Aussi, en dépit de quelques titres relativement courts ("Esoteric Inebriation By Divine Rites", "Stagnant Waters Of The Cosmic Interstice" et cet interlude instrumental aussi étrange que réussi qu’est "Eidetic Imagery Of Cyclical Despair"), Evan Daniele a encore vu les choses en grand avec des compositions chargées s’étirant pour la plupart entre cinq et six minutes avec même en guise de conclusion une percée effectuée à plus de onze minutes sur "Eroded By Illusory Parasitic Invertebrates". Des formats hors normes pour le genre pratiqué ici par Dead And Dripping mais qui souligne justement toute la singularité de ce projet.

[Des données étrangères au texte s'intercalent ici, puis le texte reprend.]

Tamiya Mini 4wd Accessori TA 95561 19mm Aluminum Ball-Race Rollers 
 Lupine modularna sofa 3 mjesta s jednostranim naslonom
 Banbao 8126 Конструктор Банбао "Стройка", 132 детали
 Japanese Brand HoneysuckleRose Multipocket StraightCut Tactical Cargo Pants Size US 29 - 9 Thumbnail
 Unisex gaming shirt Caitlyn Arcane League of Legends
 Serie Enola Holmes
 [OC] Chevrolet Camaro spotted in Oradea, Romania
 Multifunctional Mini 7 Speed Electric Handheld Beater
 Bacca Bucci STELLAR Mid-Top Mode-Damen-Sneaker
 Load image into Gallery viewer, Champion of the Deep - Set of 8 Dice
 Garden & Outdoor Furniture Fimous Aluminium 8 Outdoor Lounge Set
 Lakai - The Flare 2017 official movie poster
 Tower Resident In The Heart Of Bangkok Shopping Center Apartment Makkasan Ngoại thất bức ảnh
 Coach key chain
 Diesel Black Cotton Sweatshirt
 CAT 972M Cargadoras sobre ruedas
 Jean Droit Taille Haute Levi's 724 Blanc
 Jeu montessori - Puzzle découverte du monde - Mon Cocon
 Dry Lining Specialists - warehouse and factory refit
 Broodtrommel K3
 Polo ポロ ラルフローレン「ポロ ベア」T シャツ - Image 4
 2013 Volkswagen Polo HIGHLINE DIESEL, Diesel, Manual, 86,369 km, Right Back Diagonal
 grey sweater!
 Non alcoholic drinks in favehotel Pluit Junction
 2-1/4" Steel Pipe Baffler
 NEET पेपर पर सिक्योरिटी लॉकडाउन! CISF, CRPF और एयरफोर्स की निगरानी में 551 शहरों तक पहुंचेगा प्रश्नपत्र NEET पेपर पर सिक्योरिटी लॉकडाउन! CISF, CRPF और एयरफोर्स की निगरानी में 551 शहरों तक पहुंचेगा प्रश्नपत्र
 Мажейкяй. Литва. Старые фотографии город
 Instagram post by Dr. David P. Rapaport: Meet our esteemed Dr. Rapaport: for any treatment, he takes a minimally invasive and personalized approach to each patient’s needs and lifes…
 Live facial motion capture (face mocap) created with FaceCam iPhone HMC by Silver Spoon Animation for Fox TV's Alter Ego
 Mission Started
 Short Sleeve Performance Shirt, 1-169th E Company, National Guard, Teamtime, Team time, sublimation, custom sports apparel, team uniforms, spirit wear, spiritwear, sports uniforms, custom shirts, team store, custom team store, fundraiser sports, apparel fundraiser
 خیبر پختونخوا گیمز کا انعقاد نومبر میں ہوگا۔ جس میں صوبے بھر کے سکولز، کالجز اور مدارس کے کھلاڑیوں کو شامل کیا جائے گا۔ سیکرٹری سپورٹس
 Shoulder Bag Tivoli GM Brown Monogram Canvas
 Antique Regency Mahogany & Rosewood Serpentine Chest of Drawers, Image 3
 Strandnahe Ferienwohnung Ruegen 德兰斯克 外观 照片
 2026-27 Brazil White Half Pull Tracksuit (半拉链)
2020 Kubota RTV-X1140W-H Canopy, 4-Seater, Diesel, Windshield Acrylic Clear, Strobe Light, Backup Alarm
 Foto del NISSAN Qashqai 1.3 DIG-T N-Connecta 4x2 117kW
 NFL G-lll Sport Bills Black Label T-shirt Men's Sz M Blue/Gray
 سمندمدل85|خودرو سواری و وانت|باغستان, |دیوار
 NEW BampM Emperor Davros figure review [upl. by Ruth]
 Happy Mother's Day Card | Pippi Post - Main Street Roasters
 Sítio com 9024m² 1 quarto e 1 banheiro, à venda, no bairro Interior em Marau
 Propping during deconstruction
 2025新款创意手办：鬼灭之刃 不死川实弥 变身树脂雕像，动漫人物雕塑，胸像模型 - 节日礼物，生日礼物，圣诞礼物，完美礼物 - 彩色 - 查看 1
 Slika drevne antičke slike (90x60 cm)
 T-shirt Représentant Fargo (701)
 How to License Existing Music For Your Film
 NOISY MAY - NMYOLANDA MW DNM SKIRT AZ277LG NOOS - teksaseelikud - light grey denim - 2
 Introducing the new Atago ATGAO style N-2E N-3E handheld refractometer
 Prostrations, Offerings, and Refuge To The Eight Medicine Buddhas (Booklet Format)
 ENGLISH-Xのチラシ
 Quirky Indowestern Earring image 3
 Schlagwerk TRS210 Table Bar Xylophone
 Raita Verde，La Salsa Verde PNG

Certes, le one-man band ne fera probablement pas l’unanimité même parmi les amateurs de Brutal Death technique mais il est pourtant difficile de ne pas se montrer enthousiaste face à un tel groupe capable de tant de nuances et de variété dans un genre pourtant réputé peu subtile et bas du front. De ces salves de brutalité savamment dosées (l’essentiel de l’excellent "Esoteric Inebriation By Divine Rites", les premiers instants en fanfare de "Sublimated Revocation Of Torturous Identities", "Indicted With Ethereal Devastation" et "Eroded By Illusory Parasitic Invertebrates", "Entranced By Archaic Savagery" à 1:46…) à ces nombreux mid-tempos torturés (trop nombreux pour être exposés dans cette chronique) et autres ralentissements parfois bien lourdingues ("Esoteric Inebriation By Divine Rites" à 3:02, "Sublimated Revocation Of Torturous Identities" à 3:09, "Indicted With Ethereal Devastation" à 3:28, les quatre dernières minutes particulièrement entêtantes de "Eroded By Illusory Parasitic Invertebrates") en passant bien évidemment par ce groove vicieux et tordu qui caractérise chacune de ces huit compositions ainsi que ces quelques points évoqués dans le paragraphe précédent,
Miasmic Eulogies Predicating An Eternal Nocturne concentre en effet bien des atouts qui lui permettent de briller et de surclasser ce premier jet prometteur qu’est
Profane Verses Of Murderous Rhetoric.
Plus abouti que son prédécesseur qui « souffrait » notamment d’une production beaucoup trop clivante pour espérer faire l’unanimité parmi les amateurs de Brutal Death technique,
Miasmic Eulogies Predicating An Eternal Nocturne s’impose sans aucune difficulté comme le disque de la réconciliation grâce à une production tout simplement plus équilibrée. Certes, la musique de Dead And Dripping perd au passage de cette aura surannée qui caractérisait son prédécesseur mais fait un sérieux pas en avant en matière d’efficacité et cela sans perdre pour autant ce qui fait encore aujourd’hui toute son originalité. Paru dans un premier temps en autoproduction, ce deuxième album a bénéficié du même traitement que son ainé avec un récent pressage CD par le label français Percussive Spectre. S’il vous fallait donc encore une bonne raison de soutenir ce projet, vous l’avez.